***** RECORDED INFORMATION

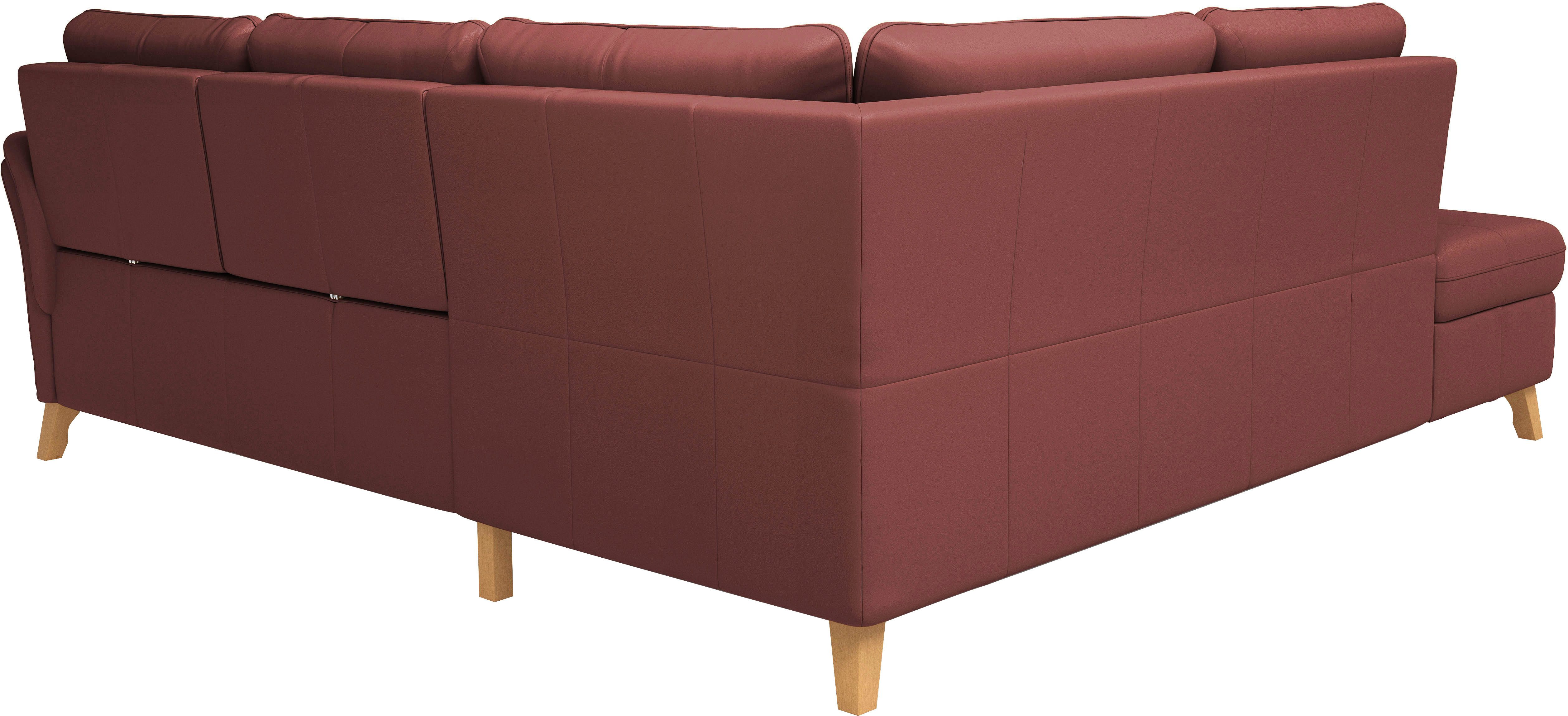 sit&more Hoekbank Göteborg inclusief zitdiepteverstelling, optioneel met bedfunctie & bedlade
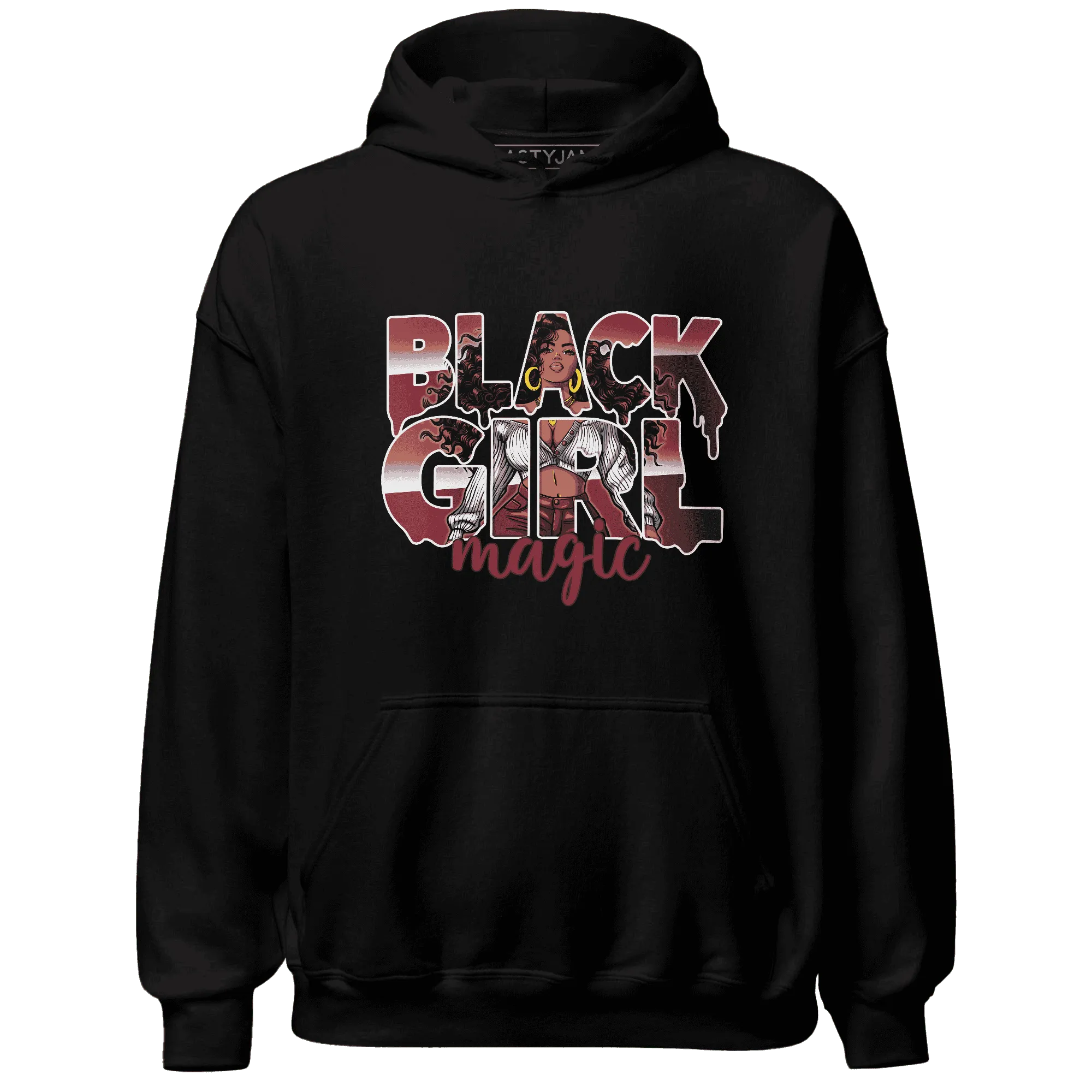 High-87-Metallic-Burgundy-1s-Hoodie-Match-Black-Girl-Magic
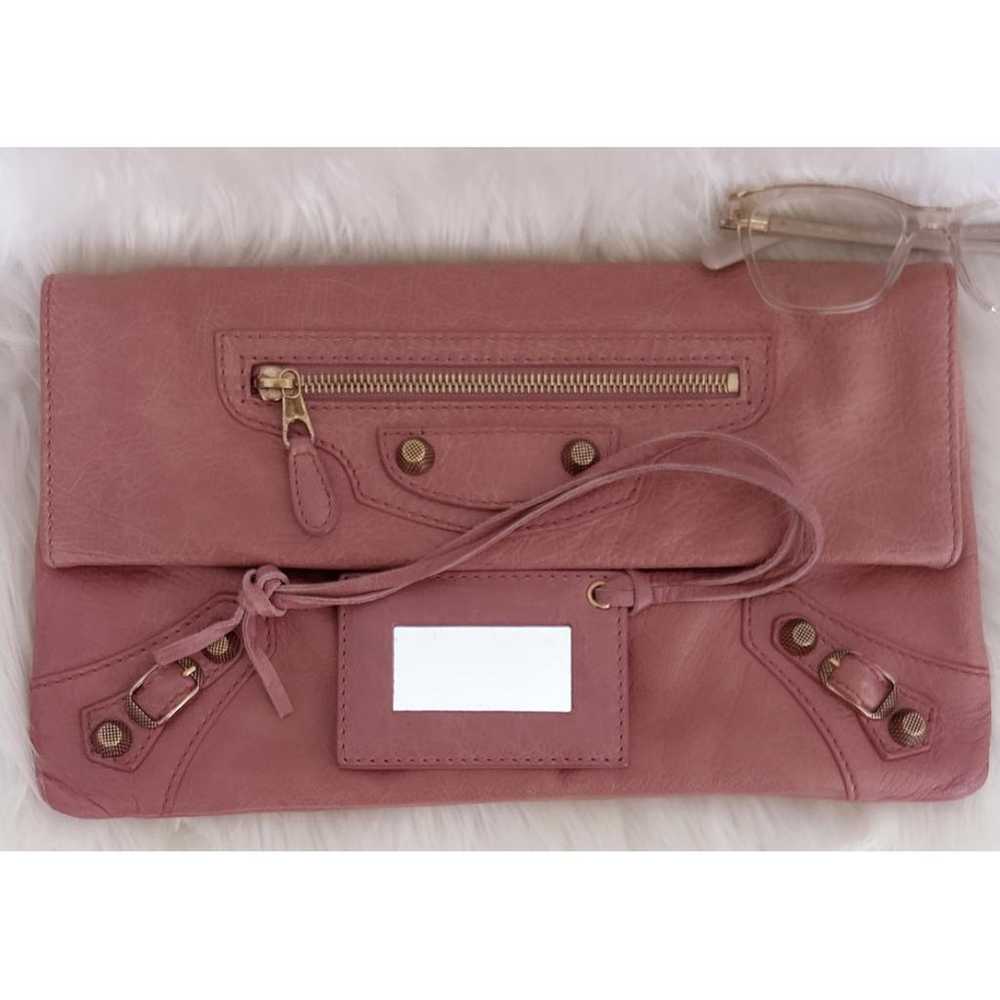 Balenciaga Envelop leather clutch bag - image 3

**********

#### WORK ORDER:
Word for word, quote the full listing, omitting every picture.

#### RESPONSE TO THE TASK:
 sit&more Hoekbank Göteborg inclusief zitdiepteverstelling, optioneel met bedfunctie & bedlade
 High-87-Metallic-Burgundy-1s-Hoodie-Match-Black-Girl-Magic
 Balenciaga Envelop leather clutch bag - image 3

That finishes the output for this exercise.